Items from a dataset
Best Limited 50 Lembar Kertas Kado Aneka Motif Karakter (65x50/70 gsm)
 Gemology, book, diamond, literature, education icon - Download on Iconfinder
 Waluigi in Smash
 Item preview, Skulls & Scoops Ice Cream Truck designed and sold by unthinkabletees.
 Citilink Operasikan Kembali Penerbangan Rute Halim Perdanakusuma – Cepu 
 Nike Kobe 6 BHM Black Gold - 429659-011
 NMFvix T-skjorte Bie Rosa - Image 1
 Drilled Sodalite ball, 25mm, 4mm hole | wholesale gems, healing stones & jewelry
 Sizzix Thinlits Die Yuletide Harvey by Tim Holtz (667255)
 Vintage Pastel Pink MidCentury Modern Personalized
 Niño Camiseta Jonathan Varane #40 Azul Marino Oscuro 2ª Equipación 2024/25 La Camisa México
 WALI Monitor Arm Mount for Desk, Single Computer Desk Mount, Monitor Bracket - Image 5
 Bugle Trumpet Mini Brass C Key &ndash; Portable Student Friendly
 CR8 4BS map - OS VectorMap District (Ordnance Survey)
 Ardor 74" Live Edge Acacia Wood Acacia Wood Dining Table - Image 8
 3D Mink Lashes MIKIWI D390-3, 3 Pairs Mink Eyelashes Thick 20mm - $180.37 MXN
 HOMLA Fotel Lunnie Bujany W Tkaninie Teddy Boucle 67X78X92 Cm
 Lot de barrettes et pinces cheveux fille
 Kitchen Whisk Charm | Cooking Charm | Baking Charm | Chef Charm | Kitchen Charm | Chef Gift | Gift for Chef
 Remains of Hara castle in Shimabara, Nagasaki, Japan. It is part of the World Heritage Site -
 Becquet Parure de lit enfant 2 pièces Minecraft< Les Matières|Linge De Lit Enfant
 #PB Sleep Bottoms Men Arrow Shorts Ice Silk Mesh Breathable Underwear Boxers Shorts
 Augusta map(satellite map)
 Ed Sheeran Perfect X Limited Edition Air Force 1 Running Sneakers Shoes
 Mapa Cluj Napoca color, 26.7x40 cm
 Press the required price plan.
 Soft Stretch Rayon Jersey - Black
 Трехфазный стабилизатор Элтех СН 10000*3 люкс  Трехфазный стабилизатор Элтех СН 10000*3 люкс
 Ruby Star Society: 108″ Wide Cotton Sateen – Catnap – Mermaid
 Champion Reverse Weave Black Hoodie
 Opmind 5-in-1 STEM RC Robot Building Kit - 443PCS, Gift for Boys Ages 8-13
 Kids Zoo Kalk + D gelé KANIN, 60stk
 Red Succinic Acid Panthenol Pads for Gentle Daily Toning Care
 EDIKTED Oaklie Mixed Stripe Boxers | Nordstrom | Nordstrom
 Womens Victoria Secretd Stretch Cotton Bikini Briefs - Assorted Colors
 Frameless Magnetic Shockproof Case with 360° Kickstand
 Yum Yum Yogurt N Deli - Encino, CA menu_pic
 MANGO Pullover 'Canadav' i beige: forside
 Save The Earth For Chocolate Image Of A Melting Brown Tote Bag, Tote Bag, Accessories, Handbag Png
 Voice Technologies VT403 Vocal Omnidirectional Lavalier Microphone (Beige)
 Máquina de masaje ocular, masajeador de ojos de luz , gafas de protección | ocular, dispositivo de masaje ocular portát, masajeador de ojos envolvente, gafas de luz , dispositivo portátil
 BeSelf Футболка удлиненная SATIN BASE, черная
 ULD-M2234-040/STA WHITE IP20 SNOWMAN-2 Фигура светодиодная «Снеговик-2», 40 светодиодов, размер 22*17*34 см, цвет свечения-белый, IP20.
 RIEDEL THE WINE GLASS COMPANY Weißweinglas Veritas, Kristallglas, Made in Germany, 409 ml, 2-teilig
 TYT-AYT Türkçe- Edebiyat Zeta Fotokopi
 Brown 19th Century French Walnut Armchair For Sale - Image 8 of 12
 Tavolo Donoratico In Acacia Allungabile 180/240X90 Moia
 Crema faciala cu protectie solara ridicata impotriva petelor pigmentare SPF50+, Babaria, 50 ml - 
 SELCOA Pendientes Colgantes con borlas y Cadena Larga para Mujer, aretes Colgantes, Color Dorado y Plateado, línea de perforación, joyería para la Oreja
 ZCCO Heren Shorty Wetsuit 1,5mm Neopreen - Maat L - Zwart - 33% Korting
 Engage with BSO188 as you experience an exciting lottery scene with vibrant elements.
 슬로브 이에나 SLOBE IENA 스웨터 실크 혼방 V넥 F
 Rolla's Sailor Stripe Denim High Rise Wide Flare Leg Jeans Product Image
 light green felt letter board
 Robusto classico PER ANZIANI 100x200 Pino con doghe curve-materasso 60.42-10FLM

**TO DO:** Which lines in the data hold the string "Gift"? Copy each of them.

**EXERCISE RESPONSE:**
 Kitchen Whisk Charm | Cooking Charm | Baking Charm | Chef Charm | Kitchen Charm | Chef Gift | Gift for Chef
 Opmind 5-in-1 STEM RC Robot Building Kit - 443PCS, Gift for Boys Ages 8-13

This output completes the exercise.